- Directions for this task
Without the images, reproduce every entry exactly.

- Records for this task
══════════════════════════════

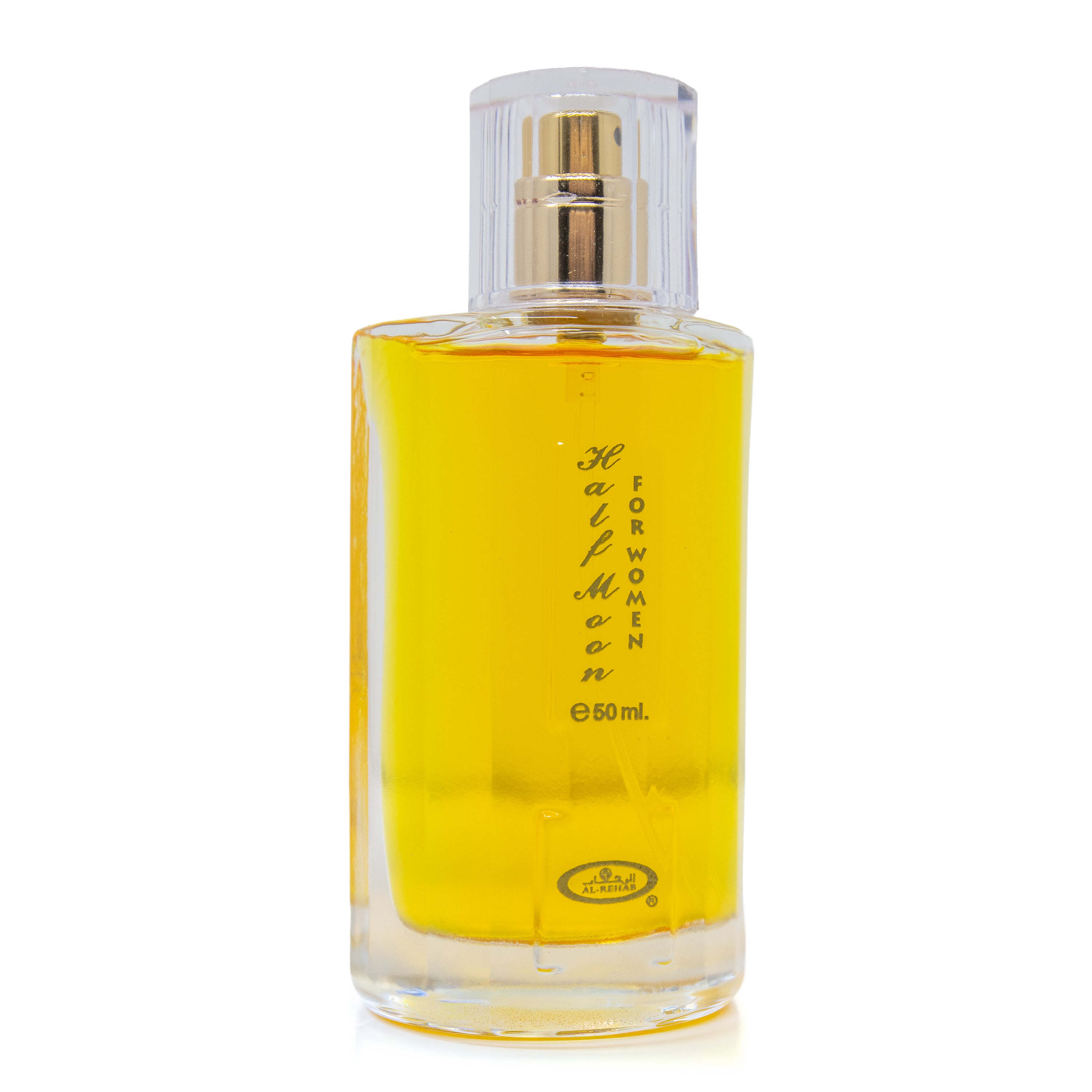 Halfmoon by Al Rehab 50ml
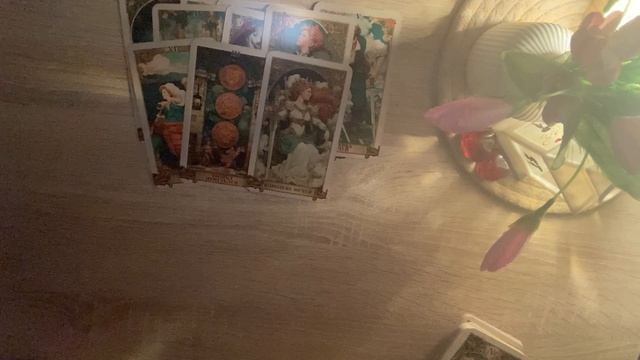 ЧТО ВЫ СКОРО УЗНАЕТЕ❓❗️🌺РАСКЛАД ТАРО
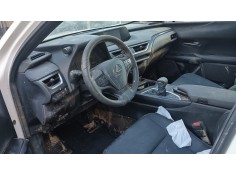 lexus ux (_aa1_, _ah1_, _ma1_) del año 2021 2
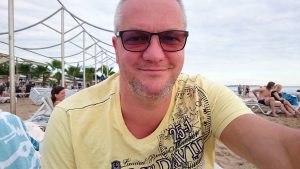 Profilbild von Bert Lachmann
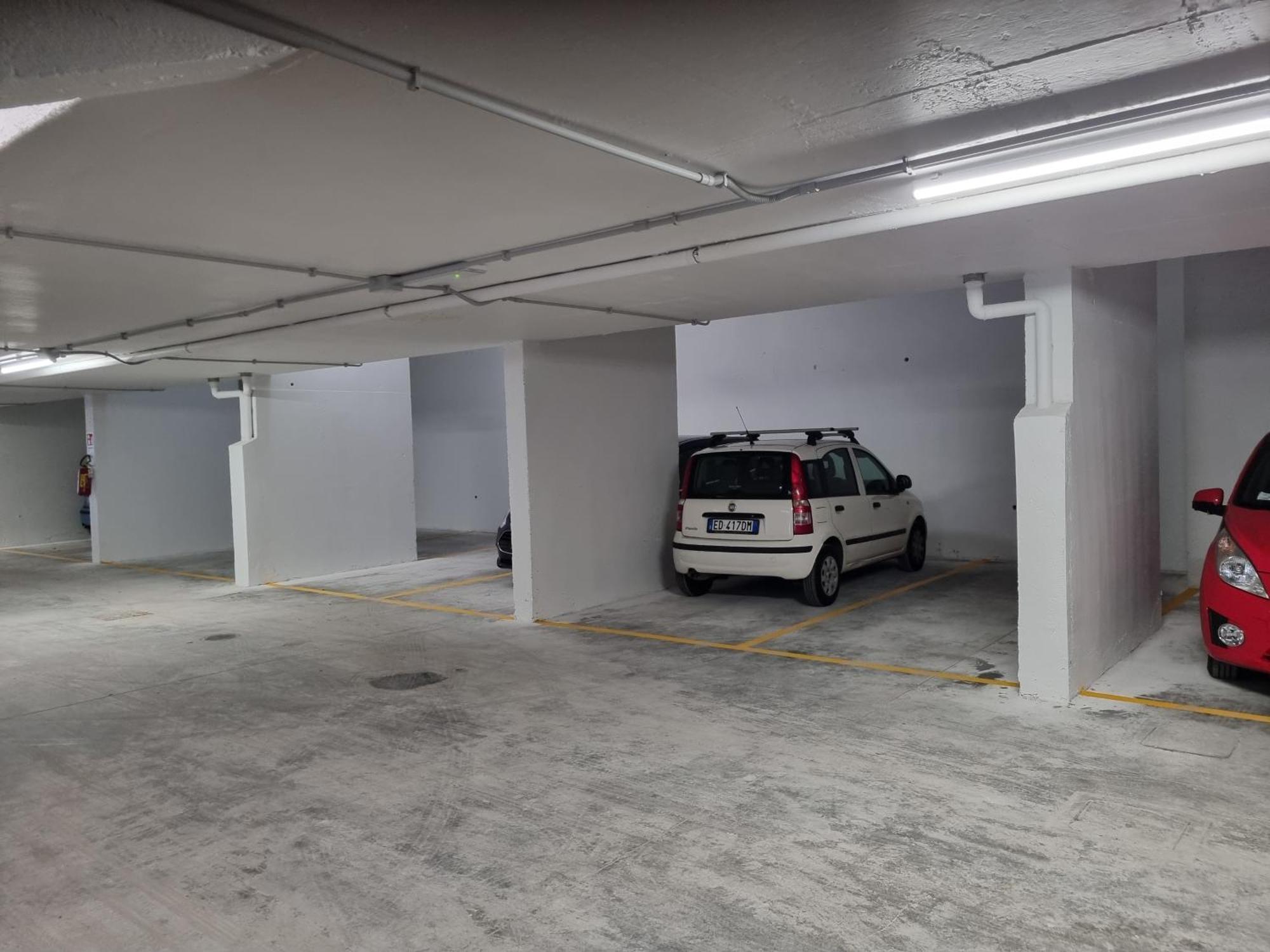 Intero Appartamento Con Giardino E Parcheggio Rzym Zewnętrze zdjęcie
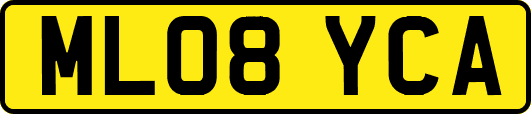 ML08YCA
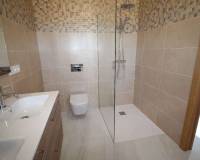 Nueva construcción  - Villa - Pinoso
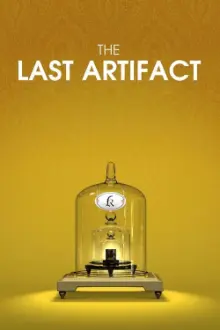 The Last Artifact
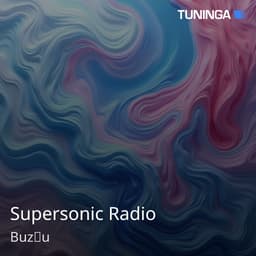 Supersonic Radio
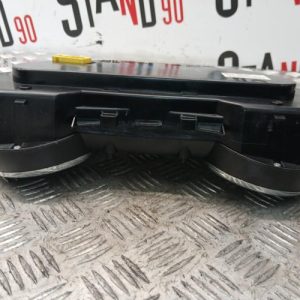 PEUGEOT 3008 1 PHASE 1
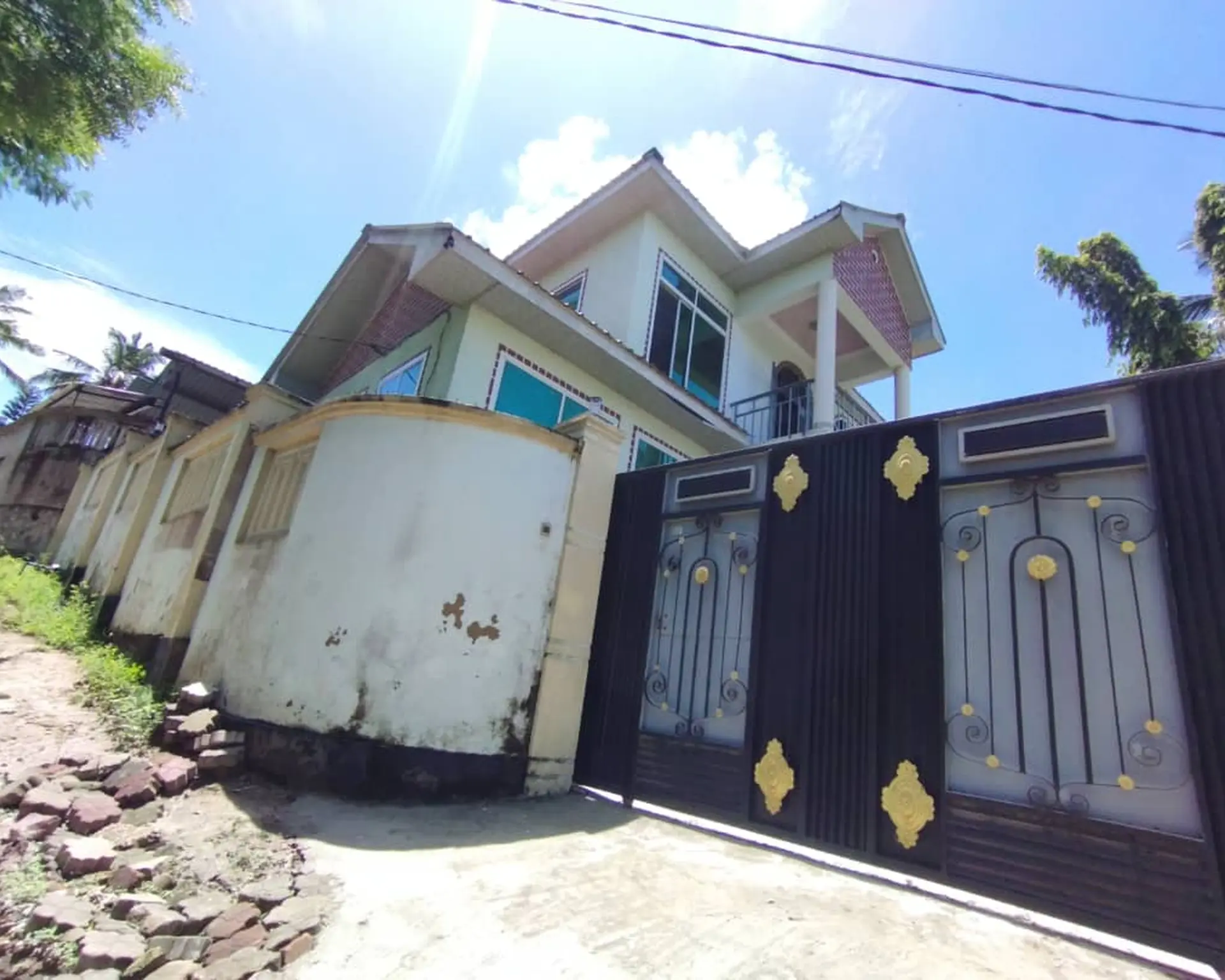 Alphahome Property
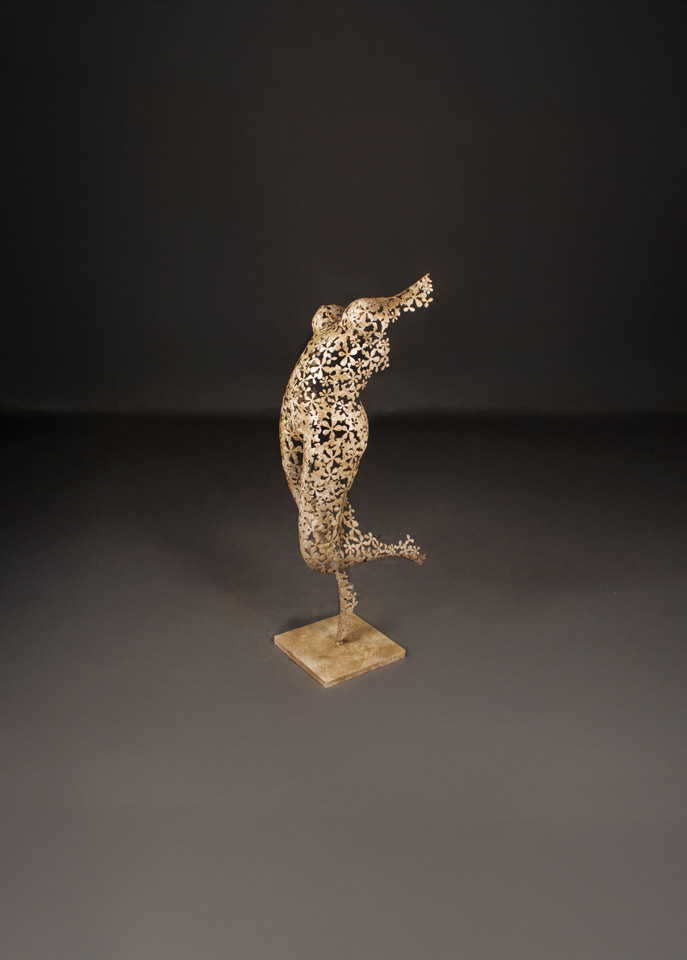 Nimrod Messeg - ArtCatto Gallery in Loulé Algarve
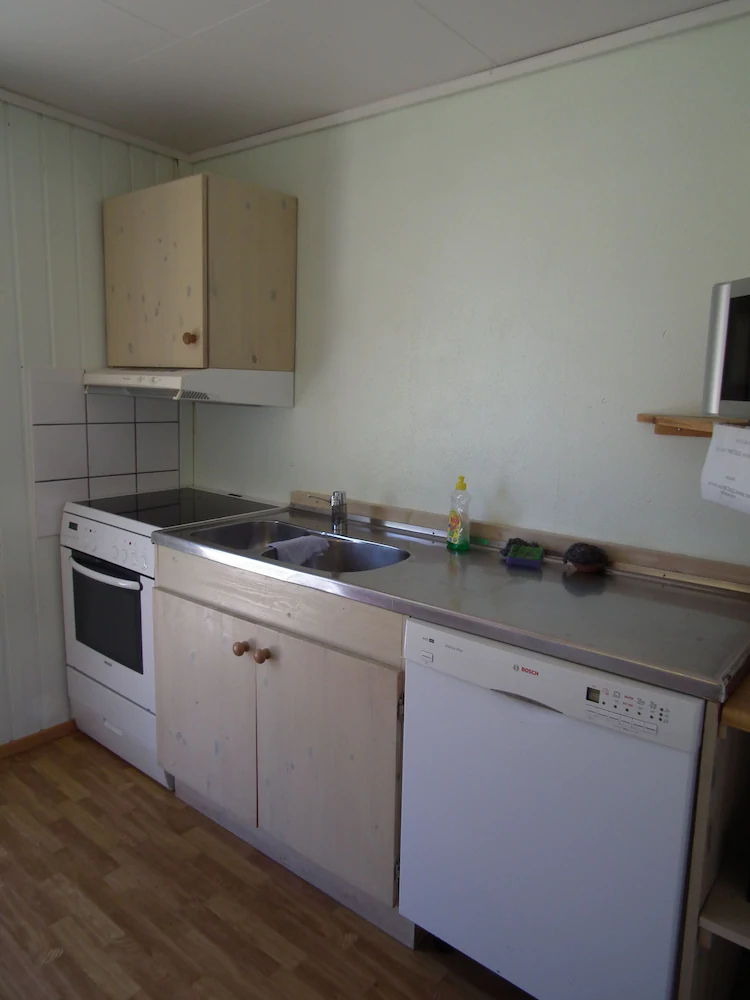 Skudenes Camping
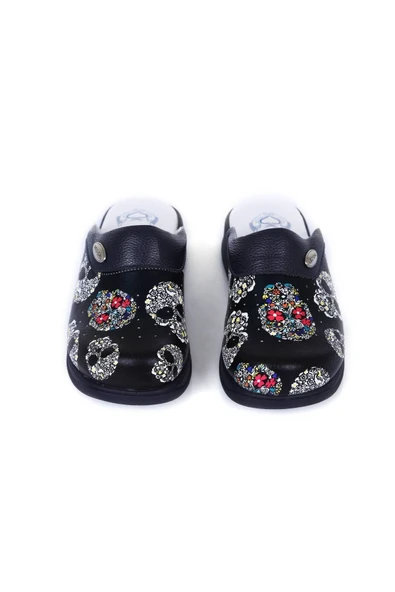 HİPOKRAT MEDİKAL SABO Ortopedik Sabo Terlik Hemşire Doktor Aşçı 40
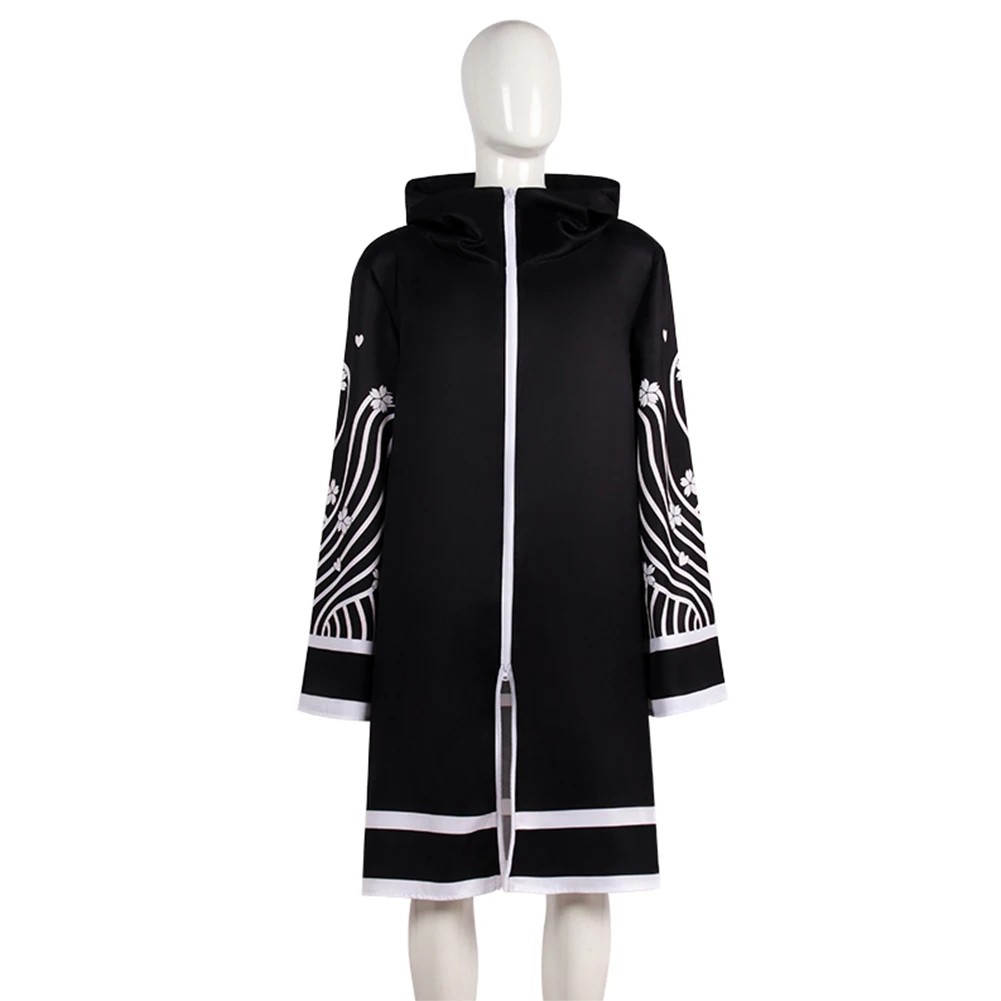 

Костюм для косплея из Токийского рептицита кавараги сендзю, карнавальный костюм на Хэллоуин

══════════════════════════════

- Response to the task
 Halfmoon by Al Rehab 50ml
 ЧТО ВЫ СКОРО УЗНАЕТЕ❓❗️🌺РАСКЛАД ТАРО
 lexus ux (_aa1_, _ah1_, _ma1_) del año 2021 2
 Profilbild von Bert Lachmann
 Intero Appartamento Con Giardino E Parcheggio Rzym Zewnętrze zdjęcie
 ML08YCA
 Nueva construcción  - Villa - Pinoso
 The Last Artifact
 Supersonic Radio
 PEUGEOT 3008 1 PHASE 1
 Alphahome Property
 Nimrod Messeg - ArtCatto Gallery in Loulé Algarve
 Skudenes Camping
 HİPOKRAT MEDİKAL SABO Ortopedik Sabo Terlik Hemşire Doktor Aşçı 40

Костюм для косплея из Токийского рептицита кавараги сендзю, карнавальный костюм на Хэллоуин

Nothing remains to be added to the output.